In High Court of Punjab & Haryana vs. State of Haryana[19], the Supreme Court held that confirmation of an officer on successful completion of his period of probation is neither a fresh appointment nor completion of appointment.
In L. Chandrakishore Singh vs. State of Manipur[20], the Supreme Court held that in cases of probation or officiating appointments followed by confirmation, unless a contrary rule is shown, service rendered during officiation or probation cannot be ignored for reckoning seniority.
·       From the date of passing examination
The rules may provide the date of passing an examination as the determining criteria for inter se seniority in the promotional grade.
·       Including the period of deputation
So long as the service of the employee in the new department is satisfactory and he is obtaining the increments and promotions in that department in stands to reason that the satisfactory service and the manner of its discharge in the post he actually holds should be deemed to be rendered in the parent department also so as to entitle him to such promotions which have nay nexus with seniority i.e. seniority cum merit. But on the question as to whether a deputationist will carry with him the seniority of parent cadre it has been held in the negative in S.P. Indu vs. Metro Railways[21], wherein the court was of the view that the deuptationist would be treated as junior as he was holding a lien in his parent cadre.
·       From the date of absorption
In Director, Central Bureau of Investigation vs. D.P. Singh[22], where an office memorandum provided that ‘in the case of a person who is initially taken on deputation and absorbed later, his seniority in the grade in which he is absorbed will normally be counted from the date of absorption’, the contention that seniority of employee who has been holding the post of DSP in CBI since 24.11.77 from that date must be counted was rejected since it would render the provision of instruction redundant.

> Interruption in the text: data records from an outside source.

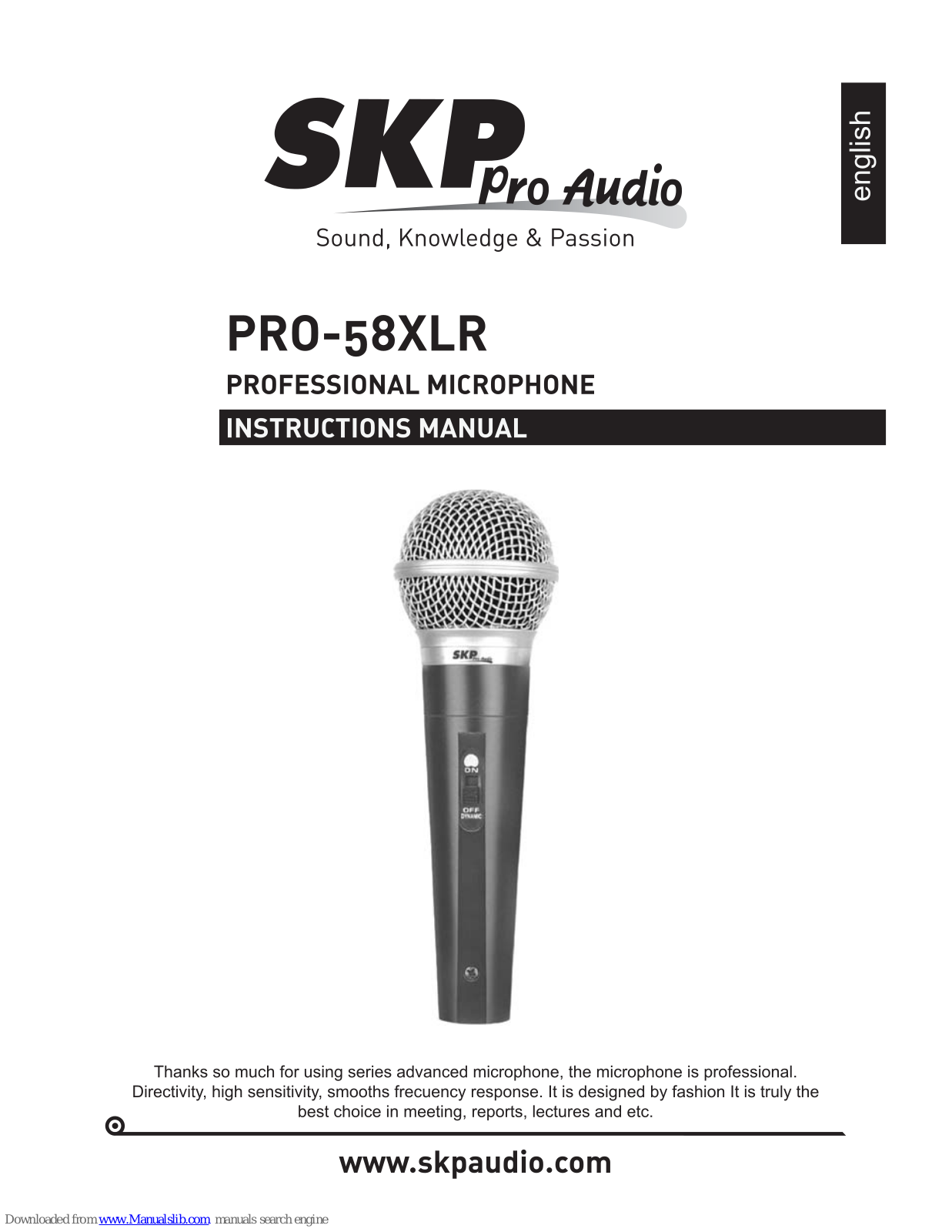 SKP Pro Audio Pro-58XLR Instruction Manual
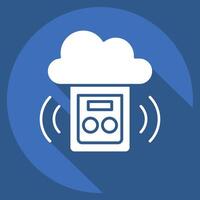 Icon Carbon Monoxide Detector. related to Home Security symbol. long shadow style vector
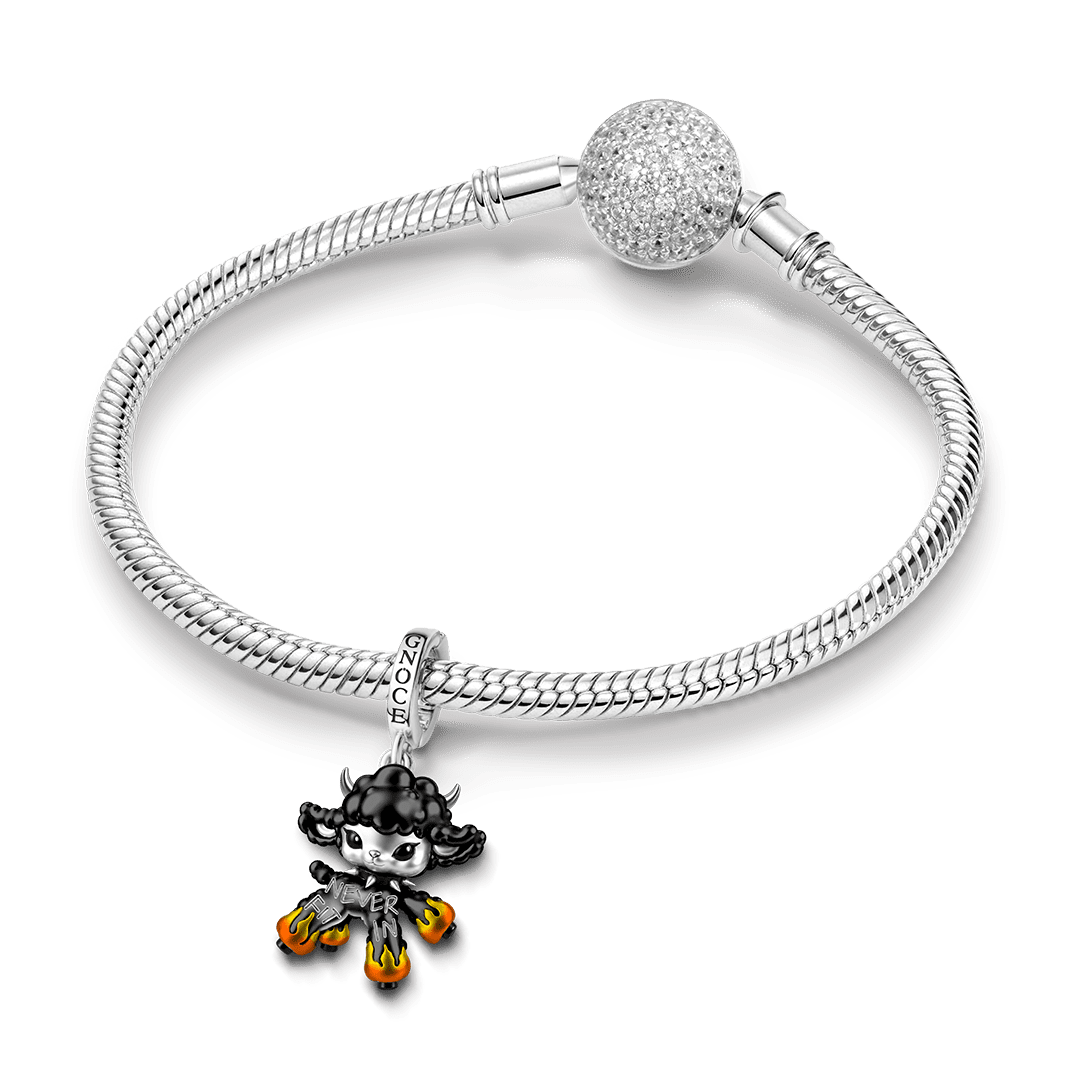 Gnoce Punk Glow‑in‑the‑dark Individual Goat Rebel Clasp Dangle Charm Black Gold-plated Silver Blend_4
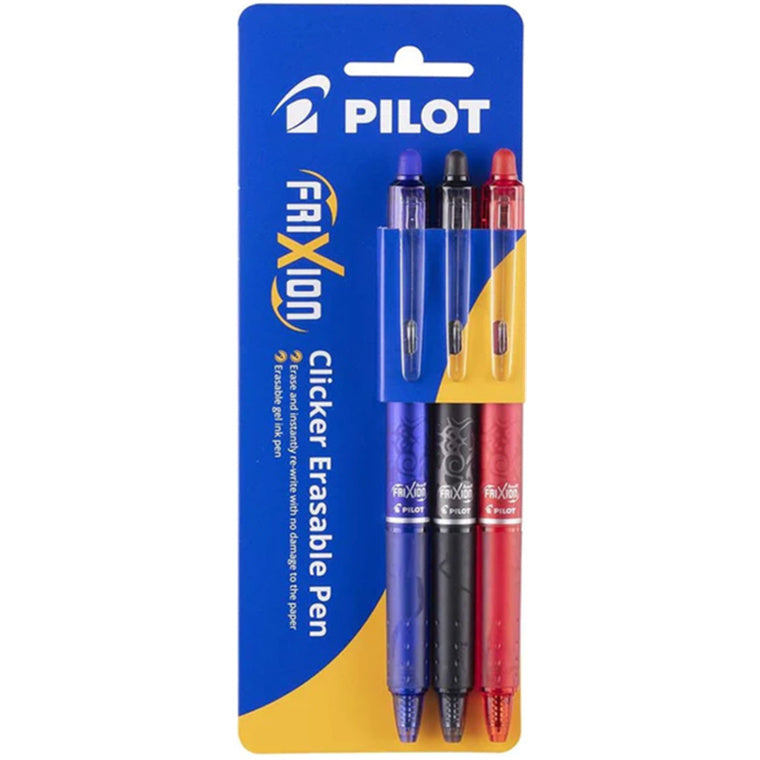 20262 - Pilot Frixion Clicker Erasable Fine Assorted, Pack of 3 HS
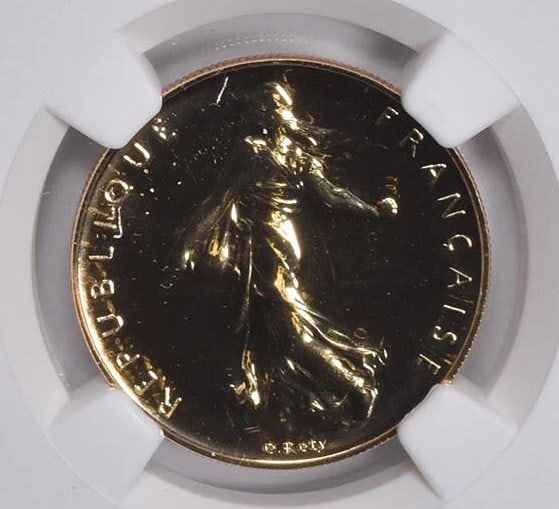 MS67 DPL 2000 FRANCE GOLD FRANC THE SOWER: MS67 DPL 2000 France Gold Franc The Sower Grade : MS67 Composition : Gold Denomination : None Year : 2000 Country of Origin : None Mint Location : None Brand/Mint : None Accessories: None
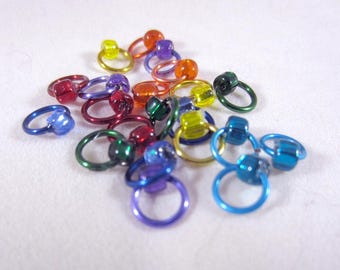 Tiny Jewel Rainbow Snag Free Stitch Markers 32 cnt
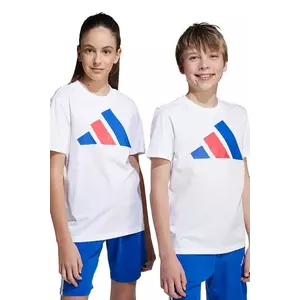 adidas tricou de bumbac pentru copii culoarea alb, cu imprimeu, JY0298 imagine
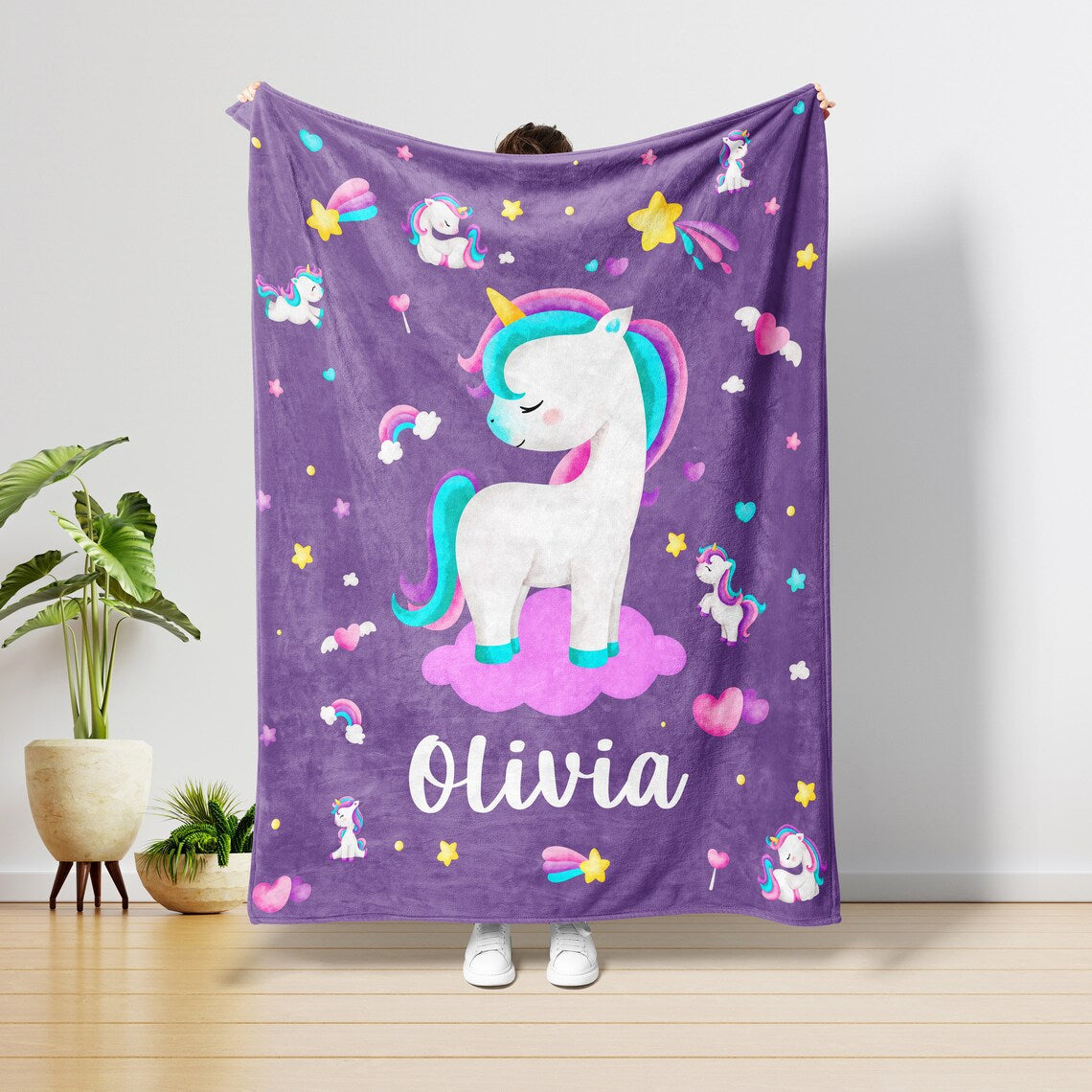 Custom Unicorn On The Cloud Name Blanket Purple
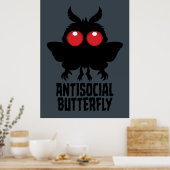 Antisozialer Schmetterling Mothman Kryptid Poster (Küche)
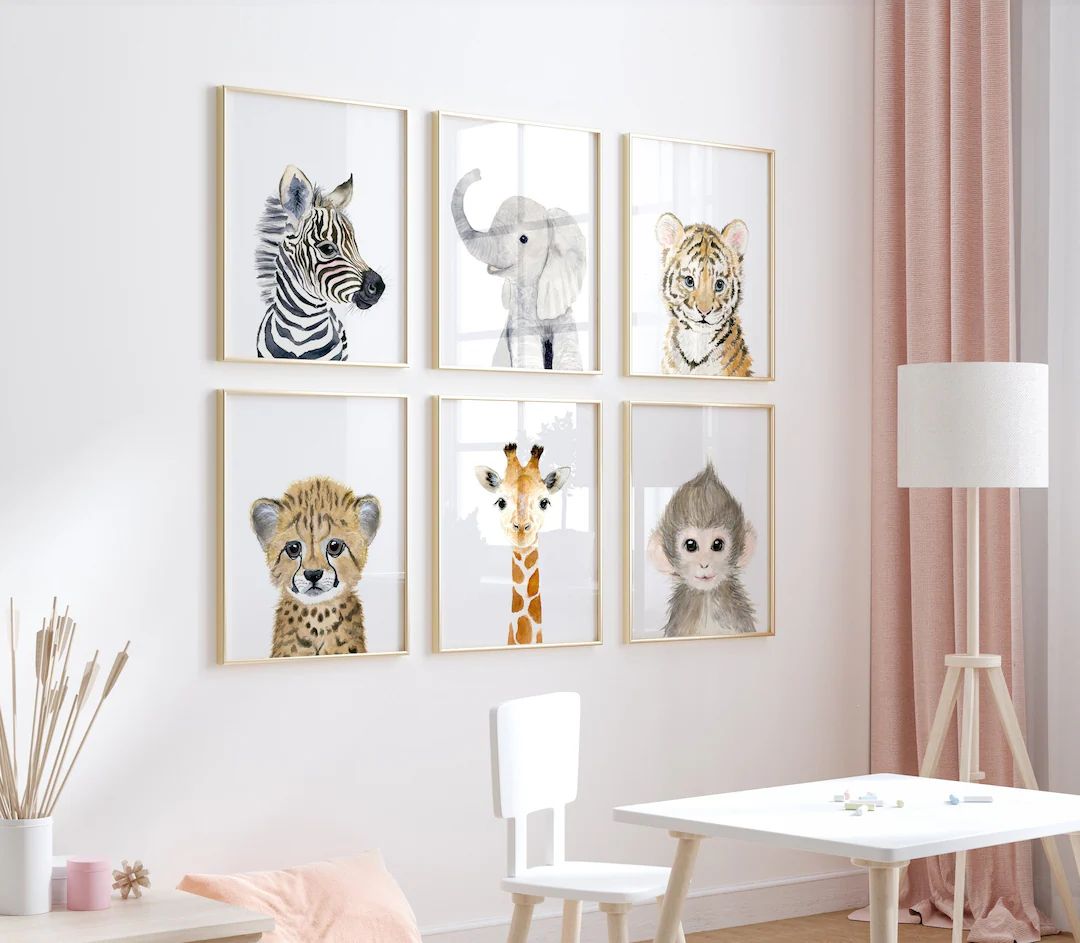 Safari Nursery Decor, Jungle Nursery Prints, Safari Nursery Art Print, Animal Art Elephant, Giraf... | Etsy (US)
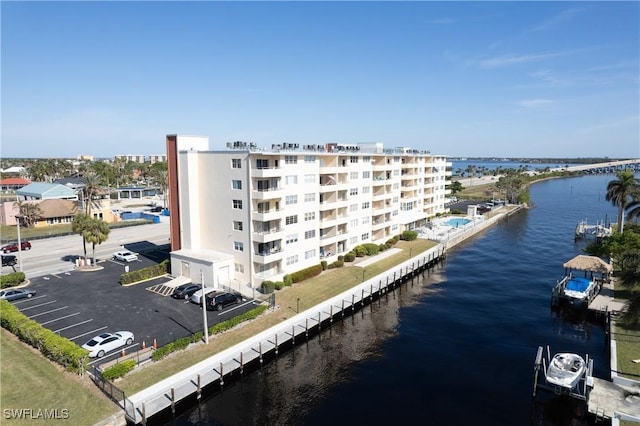 exterior space featuring a water view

·       Transfer from one cadre to an equivalent cadre
When a person is transferred from one cadre to another equivalent cadre in order to secure greater efficiency, he cannot be made to forfeit the benefit of the period of service rendered by him in the erstwhile cadre. The same principle applies to integration of cadre. Benefit of past services cannot be denied even if there has been transfer to a new department. In H.S. Shivalingaiah vs. State of Mysore[23], the Division Bench of the Mysore High Court upheld the validity of a rule which permitted a Government servant o change his cadre and provided for reckoning service rendered in the erstwhile cadre to be counted for seniority.
·       Break in Service
When an employee takes up a job in some other service he loses his lien on the previous service and thus there was a break in service and for the purpose of his seniority and eligibility for promotion his services would be reckoned from the date of his rejoining the fresh service.
4.3 The Rotational System (Rota Rule)
          When recruitment to a service is from two or more sources, the authorities can adopt the rotational system in fixing the seniority. The rotational system implies that after the recruitment has taken place from two groups e.g. Direct Recruits and Promotees, the list is arranged in such a way that there is one person from the Direct Recruits and one person from the promotes alternatively. Of course, the precise manner of rotation i.e. whether it will be 1:1 or 2:1 or something else would depend on the relevant rules or administrative instructions.[24]
            In Mervyn Continho vs. Collectors of Customs, Bombay and others[25], the Supreme Court while considering the Circular of 1959 with respect to relative seniority of direct recruits and promotees. It provides that relative seniority of direct recruits and promotees shall be determined according to the rotation of vacancies between direct recruits and promotees which shall be based on the quota of reservation for direct recruitment and promotion respectively in the recruitment rules. It was further explained that a roster should be maintained based on the reservation for direct recruitment and promotion in the recruitment rules. Where for example the reservation for each method is 50 per cent the roster will run as follows - (1) promotion (2) direct recruitment (3) promotion (4) direct recruitment and so on. Appointments should be made in accordance with this roster and seniority determined accordingly.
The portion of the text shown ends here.